The Banknote Museum of Alpha Bank (formerly Banknote Museum of the Ionian Bank) is a museum located in Corfu, Greece.

It exhibits an almost complete collection of the Greek currencies from 1822 to present, about 2000 items. It includes the first treasury bonds issued by the newly liberated Greek State in 1822. It also shows the replacement of the drachma by the euro in 2002. Exhibits include sketches, essays, and printing plates of Greek banknotes. One of its rarest holdings is the 1860 "colonata".
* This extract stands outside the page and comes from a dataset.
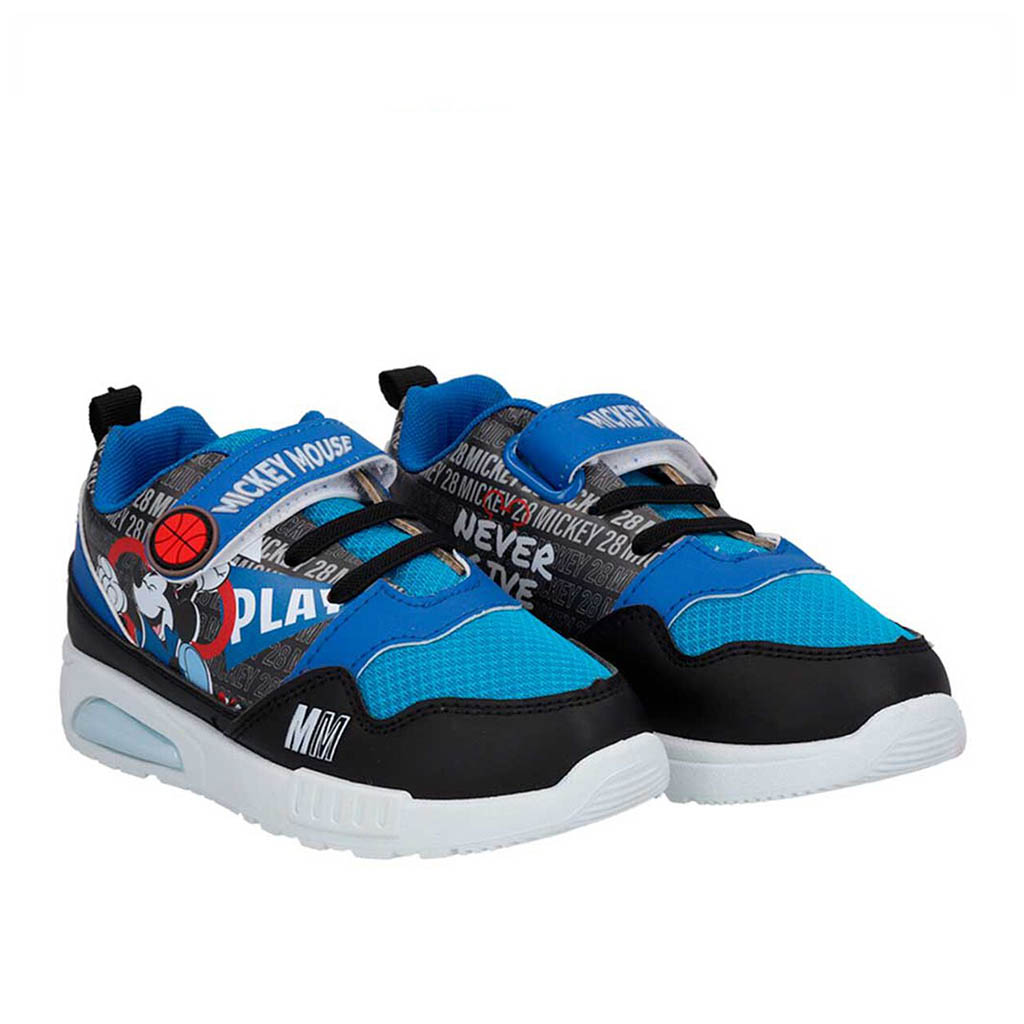 Sport Sneakers with lights MICKEY MOUSE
The museum was established in 1981 by the Ionian Bank. It is housed at the former Ionian Bank building, designed by Corfiote architect Ioannis Chronis in about 1840. In 2000 Ionian Bank merged with Alpha Bank. The Banknote Museum was renovated and was reopened in 2005. An additional exhibit hall was added showcasing "Ionian Bank Limited, which was a British venture and the first bank to operate in Greek territory. The museum collection is considered one of the most complete of its kind in the world.

==History and exhibits==
In 2003 Aris Rapidis, the curator of the museum and a historian, undertook the renovation and coordination of the exhibits to conform to world standards. In 2005 and with the participation of John Keyworth, curator of the Bank of England, the renovated exhibits were opened to the public. It is the first time that such a banknote collection, owned by a Greek bank, has been made available to the general public on a regularly scheduled basis. Between 2005 and 2007 about 10,000 people have visited the museum. In July 2007, an exhibition hall was constructed on the second floor of the museum. The exhibition Greek Costumes – Printed sources of the 16th-20th centuries, jointly organised with the Benaki Museum, became the first event to be showcased at the hall.
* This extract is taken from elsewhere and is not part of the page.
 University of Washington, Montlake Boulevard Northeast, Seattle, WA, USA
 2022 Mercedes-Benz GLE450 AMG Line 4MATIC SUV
The museum contains historical material pertaining to the history of the Ionian Bank and a complete series of the last issues of the national banknotes of the Euro zone member states prior to their replacement by the euro. The manufacturing process of banknotes is included among the exhibits as well as the method of adding a watermark. A workshop details the metal plate engraving process.

Among the museum exhibits are some rare specimens of Greek currency. Exhibits include the first banknotes issued by first Governor of Greece Ioannis Kapodistrias. The Kapodistrias notes are simple and feature a rose-coloured Phoenix on white background. The museum collection also contains the pre-Kapodistrian treasury bonds issued by the provisional Greek government in "pisters" or "grossia".

The National Bank of Greece was established in 1841 and the ancient drachma was again designated as the official currency of Greece. The museum exhibits the first banknotes printed by the British printing houses Perkins Bacon or Bradbury Wilkins. The collection includes notes printed by the American Banknote Company, which succeeded the British at the turn of the century. The American company printed Greek banknotes until about 1928. Subsequent to that the Bank of Greece undertook the printing of the currency on its own.

One of the rarest banknotes on exhibit is the one depicting the Byzantine church of Hagia Sophia in Constantinople. Designed in 1920, the banknote depicts Hagia Sophia without the Ottoman minarets and was part of the Megali Idea. A few years later the Asia Minor disaster occurred and the currency was never circulated.

Rare art deco-style banknotes, printed in France, some featuring Hermes, allegorically depict the continuity of Greek currency and commerce from ancient times to the 1930s.

The exhibition includes banknotes that were issued during WWII by the occupying Axis forces.

Banknotes issued by the provisional "mountain government" are also exhibited. This currency was valued against the equivalent value of kilograms of wheat. The 100 billion drachma banknote during the hyperinflation years of 1944 is also featured. It remains historically the highest banknote denomination in Greece and after the hyperinflation ended, its value fell to just 2 drachmas.

The museum is located on Aghios Spyridon Square in Corfu city and the admission is free.

The museum also hosted a conference held between June 9–10, 2006, under the title of "The Economic Development of South-eastern Europe in the 19th century".